Medienberichte spielen das Spiel mit: Der Fokus verschiebt sich auf den „großen Konflikt“ im Norden. Die Geiseln, deren Schicksal vor wenigen Monaten noch die Titelseiten füllte, sind zur Randnotiz geworden. „Militärischer Druck tötet die Geiseln“, sagen die Familien – doch dieser Druck ist politisch nützlich, also wird er aufrechterhalten. Der Zynismus ist offensichtlich: Netanyahu nutzt das geopolitische Chaos, um unpopuläre Themen einfach zu verschieben. 

 

Militärische Eskalation: Offensive in Gaza und die Preisgabe der Geiseln

 

Während der Libanon die Schlagzeilen dominiert, geht die militärische Offensive im Gazastreifen unaufhaltsam weiter. Doch diese Offensive hat kaum noch etwas mit der Rettung der Geiseln zu tun. Die israelische Armee konzentriert sich auf die Region Jabalya, zerstört palästinensische Infrastruktur und drängt die Zivilbevölkerung in den Süden. Die Geiseln? Sie spielen in diesen militärischen Kalkulationen keine Rolle mehr. Jeder Versuch, sie zu befreien, endet in einem Massaker – zuletzt ermordete die Hamas sechs Geiseln in Rafah, als israelische Truppen sich näherten. Und die Regierung weiß das.

 

Der Einsatz von Bodentruppen im Gazastreifen scheint kaum mehr als ein Vorwand zu sein, um eine langfristige militärische Präsenz zu sichern. Die Hamas hat unmissverständlich klargemacht, dass sie jeden Befreiungsversuch mit der Ermordung von Geiseln beantworten wird. Und doch hält die israelische Regierung an ihrer „Zerstörungskampagne“ fest.
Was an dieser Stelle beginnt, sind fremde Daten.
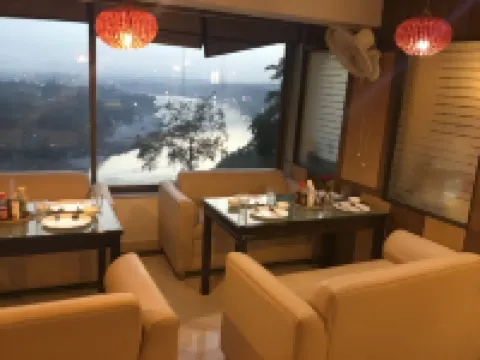 Hotel Ganesha Inn Ganga View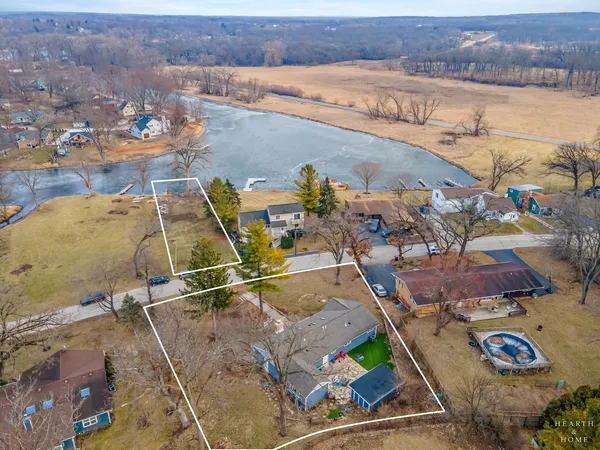 $449,900 | 4433 Wildwood Drive, Crystal Lake, IL 60014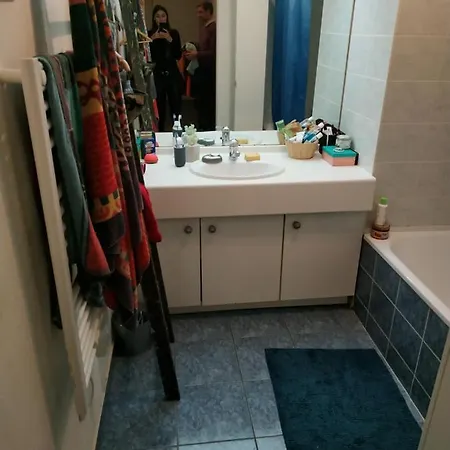 Warm 3 That Can Accommodate Up To 3 People With Parking - Near The Centre Of Strasbourg. *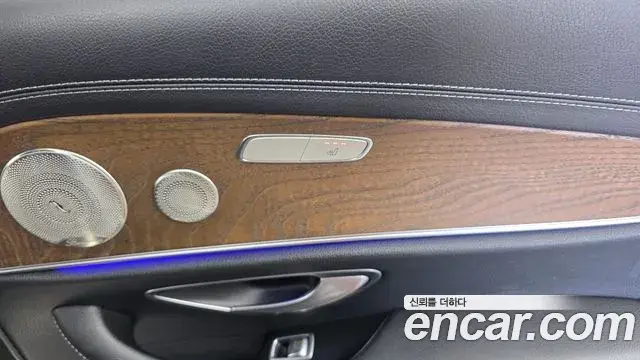 Mercedes-Benz E-Class 2022 — Фото 18/20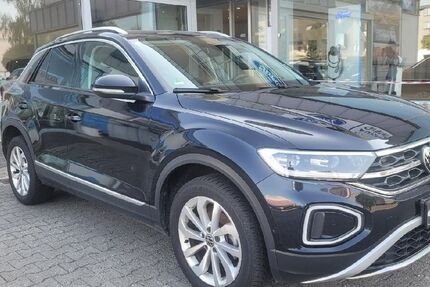 VW T-Roc 43.170 km 23.990 &euro; Gräfelfing 82166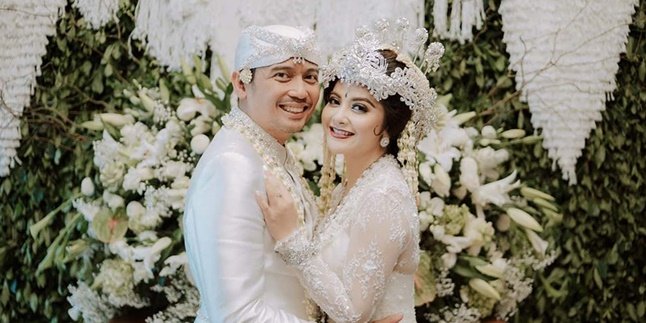 Congratulations! Tiwi Ex T2 is officially married to Arsyad Rahman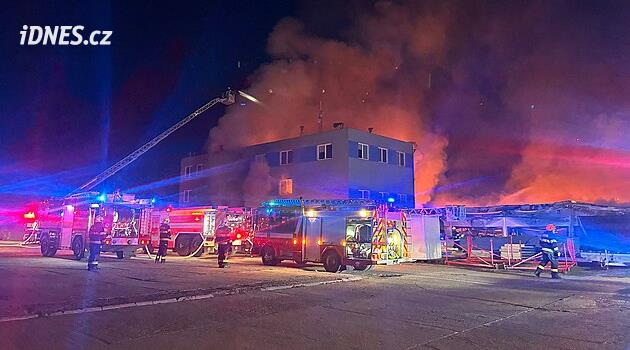 Žhářský útok na halu: policie obvinila dalšího člověka, jiného zadržela v cizině
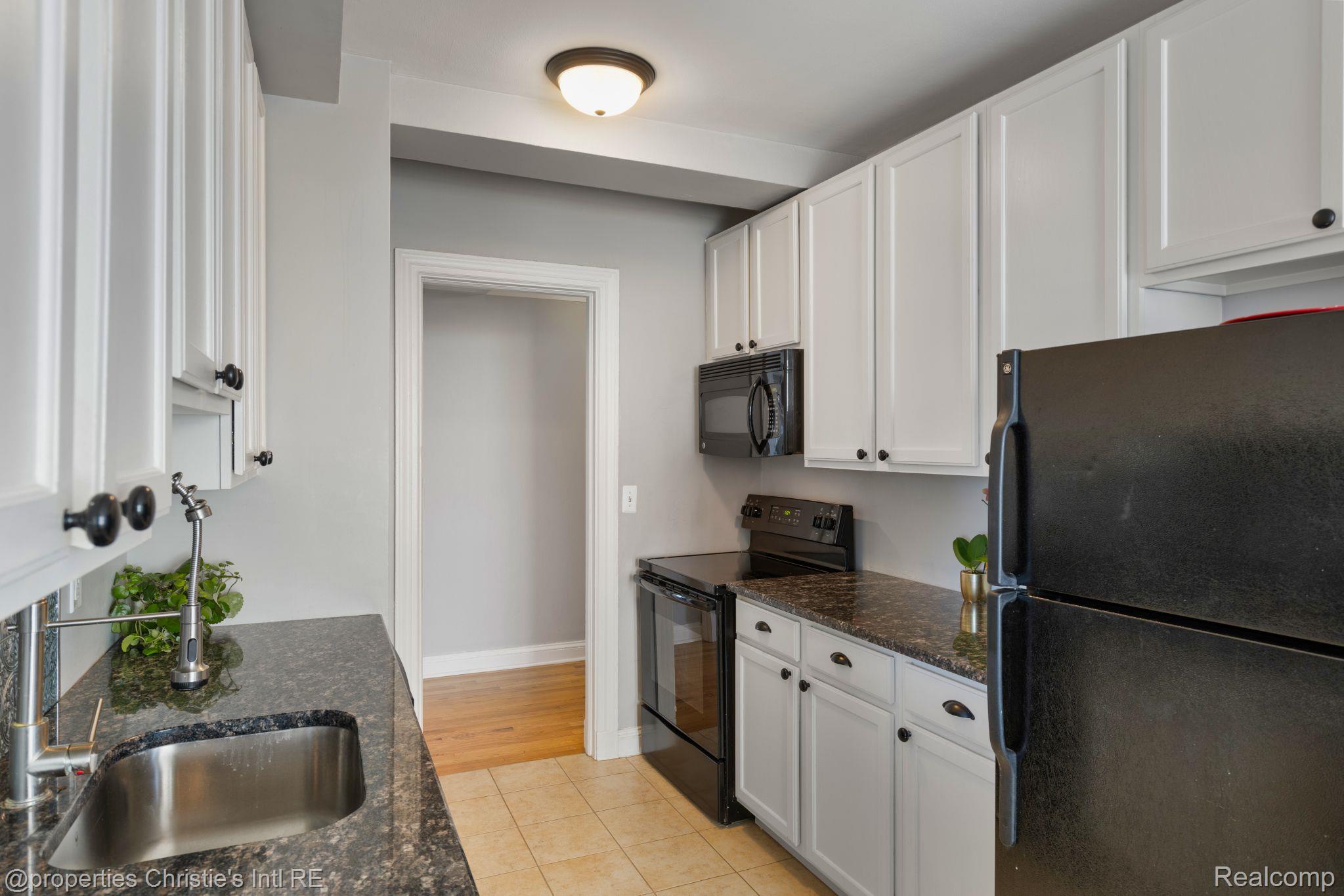 15 E KIRBY Street 710
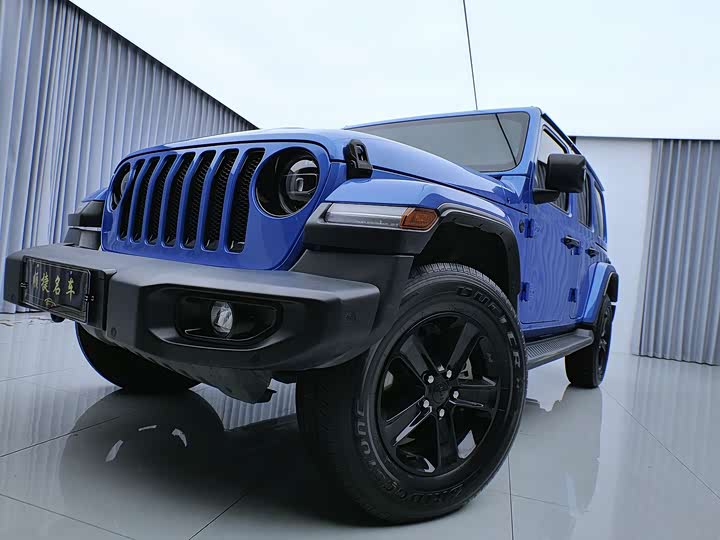 Фото 5 - Jeep Wrangler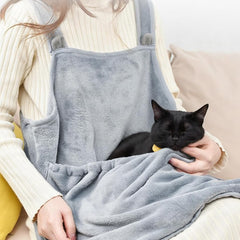 Facailaifu cat apron velvet-material offers soft, cozy grooming sessions.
Geiselrettung? Das war vielleicht mal das Ziel, jetzt geht es um strategische Landgewinne. Für die israelische Regierung ist klar: Politische Stabilität und militärische Stärke zählen mehr als das Leben einzelner Bürger. 

 

Netanyahu und seine Koalition: Die Geiseln als politische Schachfiguren

 

Die Geiselfrage ist längst zum Mittel der politischen Stabilisierung geworden. Netanyahu, der seine Koalition durch Bündnisse mit rechten Parteien stärkte, nutzt das Leid der Geiseln, um seine Macht zu zementieren. Kritiker werfen ihm vor, mehr daran interessiert zu sein, seine Koalition intakt zu halten, als echte Fortschritte bei den Verhandlungen mit der Hamas zu machen. „Netanjahu lässt uns im Stich“, rufen die Geiselfamilien auf den Straßen, aber der Ministerpräsident bleibt ungerührt. Seine Strategie? Ablenkung und Verzögerung.

 

Die internationale Dimension verschärft das Bild noch: Anstatt internationale Organisationen oder gar die UNO in die humanitäre Hilfe für Gaza einzubeziehen, wird ein amerikanisches Privatunternehmen als Subunternehmer ins Spiel gebracht – ein zynischer Schritt, der die Verantwortung weiter delegiert. Das Geiseldrama ist nicht nur ein innerisraelisches Problem, sondern ein internationales politisches Schachspiel geworden, in dem die Geiseln als Bauern geopfert werden.

 

Netanyahus rechte Koalitionspartner – allen voran die Religiös-Zionistische Partei – unterstützen dieses zynische Spiel. Die Koalition ist stabil, und das ermöglicht es Netanyahu, gefährliche politische Ideen voranzutreiben, die Israels Beteiligung am Krieg vertiefen. Kritik wird abgewiesen, während Netanyahus Machtbasis durch diese gefährlichen Manöver gestärkt wird. Die Geiseln, die nach ihrer Befreiung rufen, sind nur eine Randnotiz in diesem politischen Machtspiel. 

 

Mediale Darstellung und der israelische Protest

 

Während die Regierung ihre Aufmerksamkeit auf die Konflikte im Libanon und im Gazastreifen lenkt, kämpfen die Familien der Geiseln weiter um Gehör. Doch die Protestbewegung in Israel verliert an Dynamik. Was einst Tausende auf die Straßen von Tel Aviv brachte, hat sich mittlerweile auf wenige Hundert reduziert. Der Grund? Die mediale Berichterstattung nimmt ab, die Geiselfrage scheint „durchgespielt“ zu sein.

 

Die Medien, die einst jede Demonstration gegen Netanyahus Krisenmanagement ausführlich dokumentierten, haben nun andere Schlagzeilen zu füllen. Die Geiselfamilien brennen Reifen auf den Straßen und tragen Banner, die Netanyahus „Verbrechen“ anprangern, doch ihre Stimmen verhallen zunehmend ungehört. „Es gibt keine Sühne für ein Jahr der Verlassenheit“, prangt auf Transparenten, doch das scheint niemanden mehr zu interessieren.

 

Die Öffentlichkeit liebt Skandale, aber keine menschlichen Tragödien. Sobald die Geiselfrage ihren politischen Nutzen verloren hat, wird sie in der Berichterstattung marginalisiert. Und so bleibt der mediale Fokus dort, wo es „spannender“ ist: beim Krieg, beim Drama, bei den nächsten politischen Schachzügen.

 

Moralische Verwerfungen und politische Stabilität

 

Netanyahus Israel hat sich entschieden: Die Stabilität seiner Regierung und die militärische Kontrolle über Gaza sind wichtiger als das Leben von 101 Geiseln. Die Geiselfrage wurde zur politischen Schachfigur degradiert, die so lange bewegt wird, wie es der Macht dient – und keine Sekunde länger. Und so bleibt die israelische Gesellschaft mit einem moralischen Dilemma zurück: Wie lange wird man noch bereit sein, diese Realität zu akzeptieren, in der das menschliche Leben nur eine Randbedingung im politischen Kalkül ist?

 

Netanyahus Machtspiel ist klar: Er wird Israel durch diesen Krieg führen, koste es, was es wolle – und wenn es Menschenleben sind, die dafür geopfert werden müssen, dann ist das eben der Preis. Doch wie viel ist dieser Preis wert, wenn die Substanz des Staates dabei auf der Strecke bleibt?